**The task**:
The result should be an exact copy of the lines from the one with "352 - QUANTITY" through the last line of the data below, both included.

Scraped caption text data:
────

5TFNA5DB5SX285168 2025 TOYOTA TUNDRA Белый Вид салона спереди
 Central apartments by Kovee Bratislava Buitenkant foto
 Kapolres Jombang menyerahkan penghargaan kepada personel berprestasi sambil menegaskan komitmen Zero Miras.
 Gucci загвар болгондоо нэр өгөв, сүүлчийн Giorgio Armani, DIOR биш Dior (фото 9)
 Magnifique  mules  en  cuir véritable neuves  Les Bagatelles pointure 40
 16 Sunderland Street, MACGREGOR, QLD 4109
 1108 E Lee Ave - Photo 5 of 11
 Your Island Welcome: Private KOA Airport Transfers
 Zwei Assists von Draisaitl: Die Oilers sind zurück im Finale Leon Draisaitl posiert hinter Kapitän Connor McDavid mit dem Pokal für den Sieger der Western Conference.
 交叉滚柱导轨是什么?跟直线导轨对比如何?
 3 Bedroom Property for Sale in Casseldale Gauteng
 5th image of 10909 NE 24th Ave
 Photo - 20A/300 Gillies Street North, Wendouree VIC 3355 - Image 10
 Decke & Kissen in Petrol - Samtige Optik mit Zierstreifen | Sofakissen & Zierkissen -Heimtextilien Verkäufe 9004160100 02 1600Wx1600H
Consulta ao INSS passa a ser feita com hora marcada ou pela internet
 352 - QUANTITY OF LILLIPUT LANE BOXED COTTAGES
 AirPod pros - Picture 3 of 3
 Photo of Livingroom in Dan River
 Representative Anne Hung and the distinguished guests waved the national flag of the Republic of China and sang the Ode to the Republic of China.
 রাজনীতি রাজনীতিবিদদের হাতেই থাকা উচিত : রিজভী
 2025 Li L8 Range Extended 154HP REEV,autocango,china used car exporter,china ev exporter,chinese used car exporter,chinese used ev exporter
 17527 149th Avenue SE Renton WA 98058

────

**Exercise response**:
 352 - QUANTITY OF LILLIPUT LANE BOXED COTTAGES
 AirPod pros - Picture 3 of 3
 Photo of Livingroom in Dan River
 Representative Anne Hung and the distinguished guests waved the national flag of the Republic of China and sang the Ode to the Republic of China.
 রাজনীতি রাজনীতিবিদদের হাতেই থাকা উচিত : রিজভী
 2025 Li L8 Range Extended 154HP REEV,autocango,china used car exporter,china ev exporter,chinese used car exporter,chinese used ev exporter
 17527 149th Avenue SE Renton WA 98058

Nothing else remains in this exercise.